Ripple tokens sold to public are not securities, judge says

Ripple XRP token and cash
Ruslan Lytvyn/Ruslan - Adobe Stock

A federal judge ruled that the Ripple Labs token is a security when sold to institutional investors but not the general public, a long-awaited decision that was widely hailed as a victory for the crypto industry over the SEC.

U.S. District Judge Analisa Torres in New York on Thursday said that the crypto firm's sales of the XRP token to sophisticated investors met the test for an investment contract under federal securities law because those buyers "would have understood that Ripple was pitching a speculative value proposition for XRP with potential profits."

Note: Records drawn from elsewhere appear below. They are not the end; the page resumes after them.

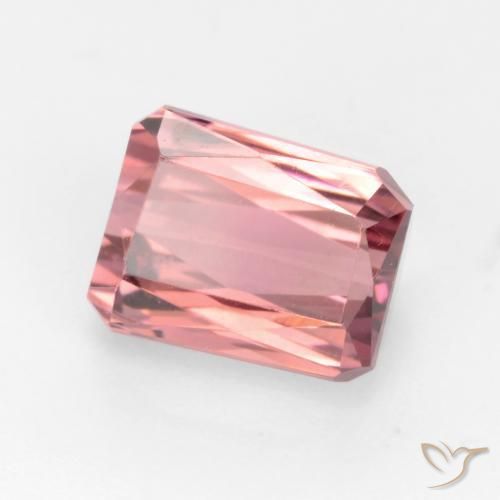 Tormalina Rosa arancio naturale da 2.70 ct, Ottagonale / Taglio smeraldo, VVS-VS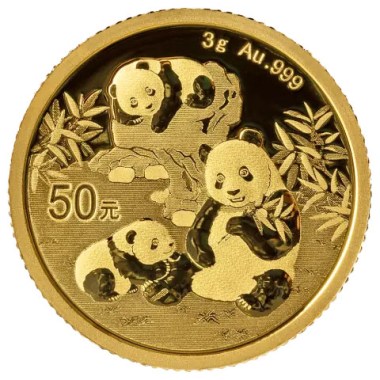 Moneda de Oro Panda 2025 3 g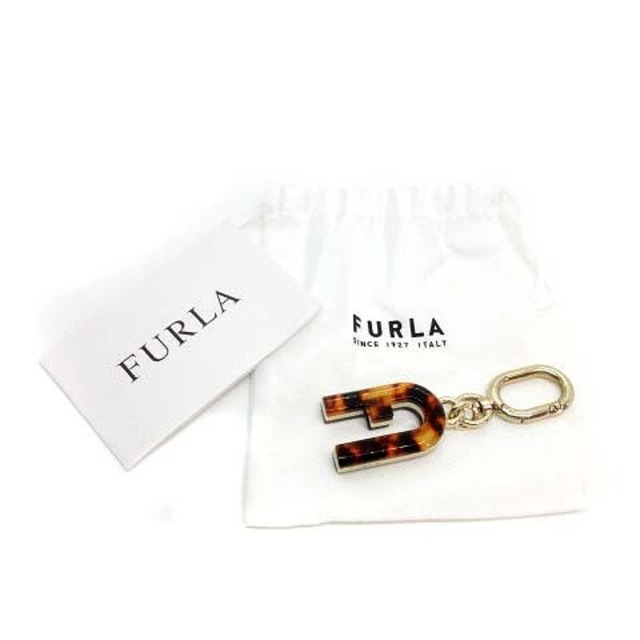 Furla(フルラ)のフルラ FURLA スモールキーホルダー べっ甲柄調模様 総柄 茶 ブラウン 黒 エンタメ/ホビーのコレクション(その他)の商品写真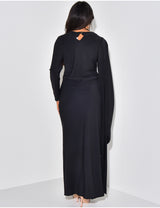 LONG SLEEVE DRESS BLACK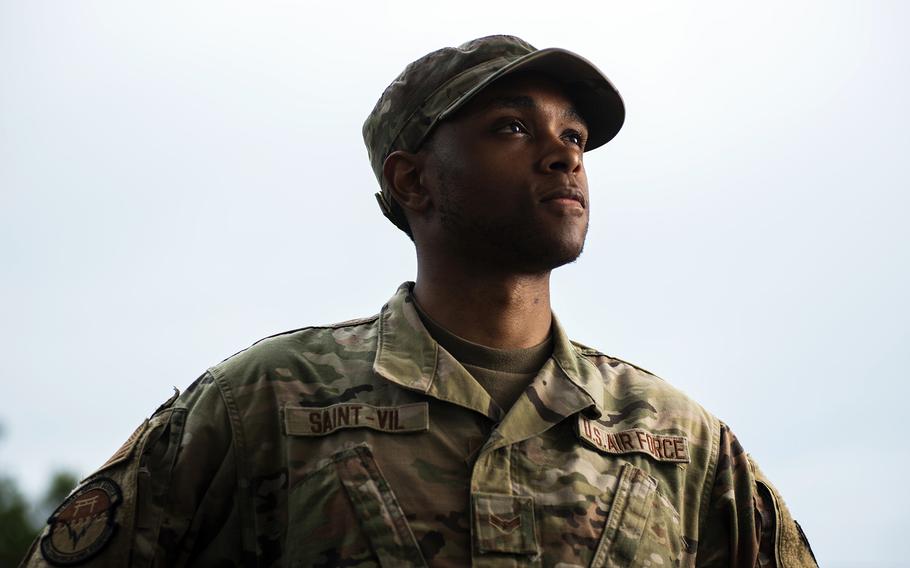 Airman 1st Class Edgar Saint-vil is a client systems technician for the 374th Communications Squadron at Yokota Air Base, Japan, and vice president of Yokota LGBTQ + Family. 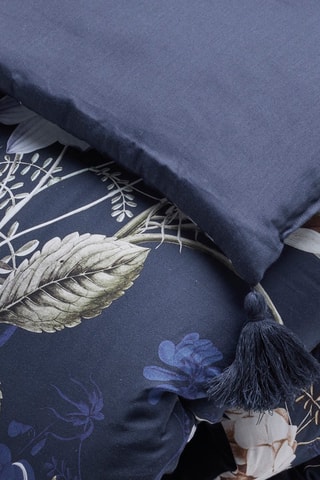 Trapunta in raso di cotone 80 fili/cm² Floraison d’hortensias - Blu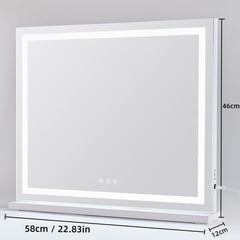 HIEEY lighted makeup mirror LED illumination highlighting four-sided lights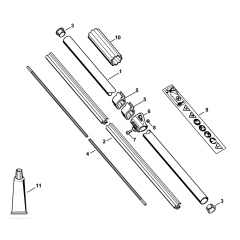 FS89 FS89r Drive Tube Assembly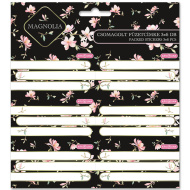 Ars Una: etichete pentru caiete cu flori de magnolie, ambalate, 3x6 buc.
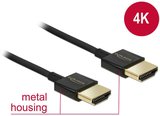 Delock HDMI - HDMI Ethernettel 2m kábel 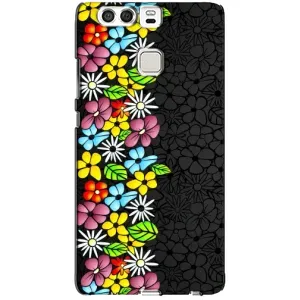 Чохол з Квітами для Huawei P9 (Яскраві квіти)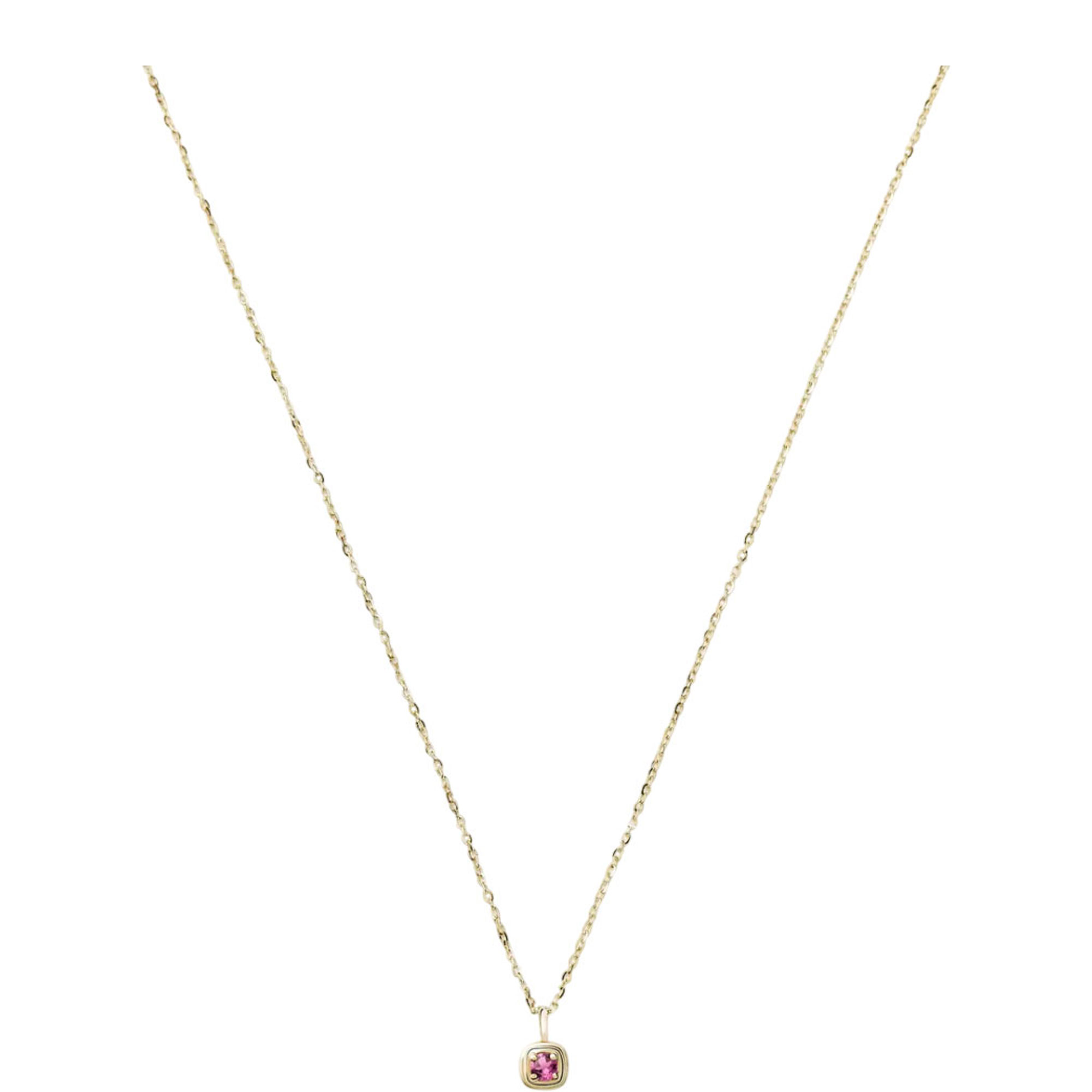 Fine October Birthstone Pendant Necklace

But the judge said that didn't apply to programmatic investors, meaning the broader public buying crypto on secondary markets. She said there was no evidence that such investors could parse the many statements made by Ripple about XRP. The judge said many statements cited by the Securities and Exchange Commission may not have been shared with the broader public.

XRP soared on the ruling, and was up around 27% in early afternoon trading on Thursday, with many industry figures and experts highlighting the judge's ruling on secondary-market crypto sales as win. Whether cryptocurrencies are securities has long been a major question hanging over the industry, which has argued it's not subject to the jurisdiction of the SEC and other regulators.

"My overall impression is this is a positive decision for the digital asset industry," said David Tramel Stabile, a Miami-based partner at Winston & Strawn specializing in crypto. 

"The critical component of the decision is the conclusion that secondary market purchases of XRP do not constitute purchases of securities, as buyers could not have known if their payments of money went to Ripple or someone else," he said.

The SEC didn't immediately respond to a request for comment, but the ruling comes as the regulator has aggressively targeted crypto firms for allegedly selling unregistered securities. Earlier on Thursday, the SEC sued Celsius Network and its former chief executive officer, Alex Mashinsky, who was also charged with fraud by federal prosecutors in New York.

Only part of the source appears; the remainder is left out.